There is no guarantee at all that what is coming next will be better than what it is replacing. This is a historical moment that requires serious men acting seriously. We don’t have that. And it does nobody any good to pretend that we do. Maybe the power-holders now can change course. I have my doubts. Prepare yourselves, spiritually and otherwise, for the upheaval.
See y’all tomorrow from Europe.
Rod, I know you’re not a politician, but if you were, Poilievre would distance himself from you and call you a racist, he would distance himself from Bentz and from Arendt and would criticize any conservatives who even met with them. This isn’t speculation, Poilievre really did this to his own party members.

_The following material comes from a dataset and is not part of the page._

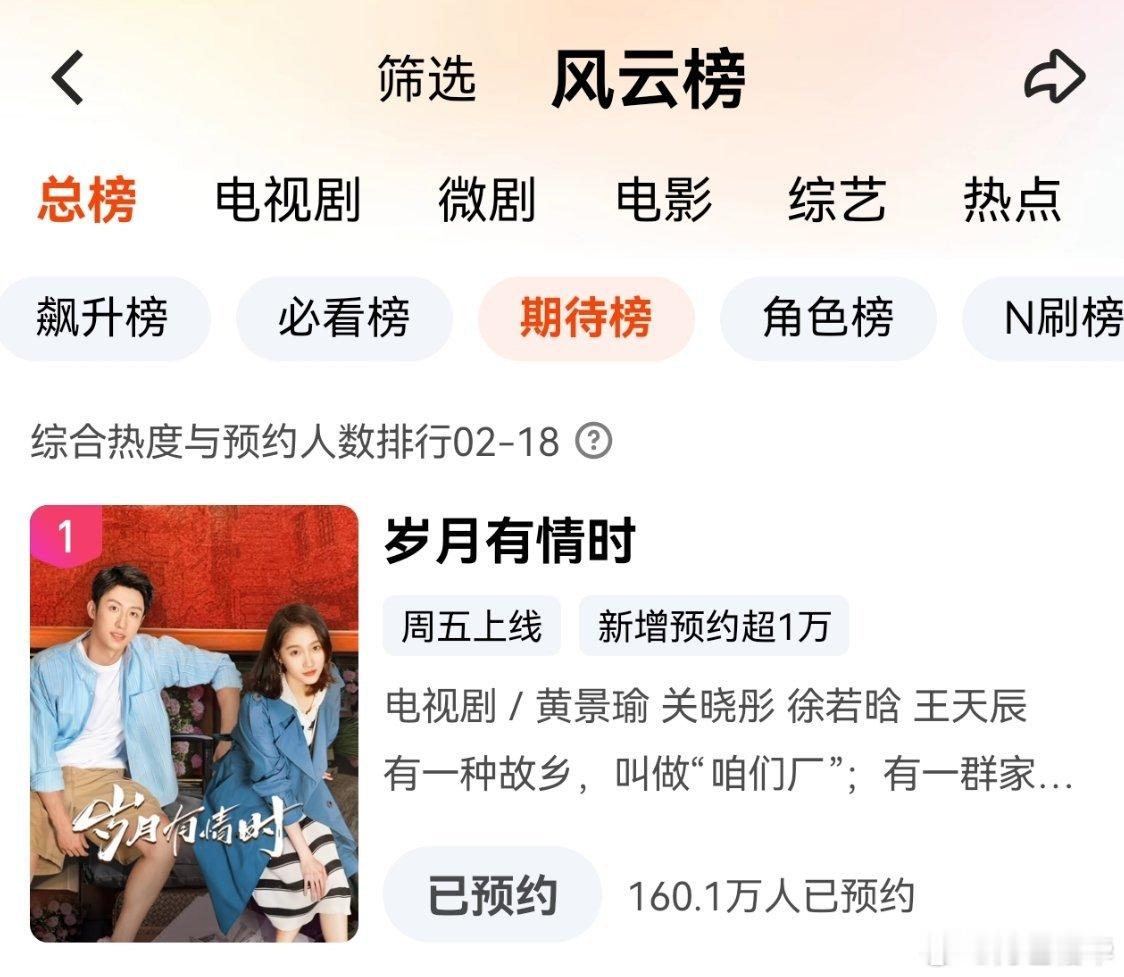 电视剧岁月有情时黄景瑜张小满 预约破160万！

Further, if by some miracle you became president and were calm and steady and wise combatting all the problems you rightly denounce… the entire American, Canadian, European media - very much including The Free Press - would spend all day calling you a chaos agent. That’s what communists do to their enemies, they manufacture lies and propaganda. By now, this late in the game, shouldn’t you be wise and stable enough to stay on course and not submit yet again to the latest commie narrative?
https://theconservativetreehouse.com/blog/2025/04/29/canadian-conservative-candidate-pierre-poilievre-lost-his-own-district-seat-in-election/
I'm supposed to believe that Trump caused the Canada election outcome, but the leader of the Conservatives in Canada couldn't even win his own seat - one he's held for 20 years!
Sorry, I'm not buying that this is Trump's fault. Sounds like Canada's conservatives need to get themselves figured out.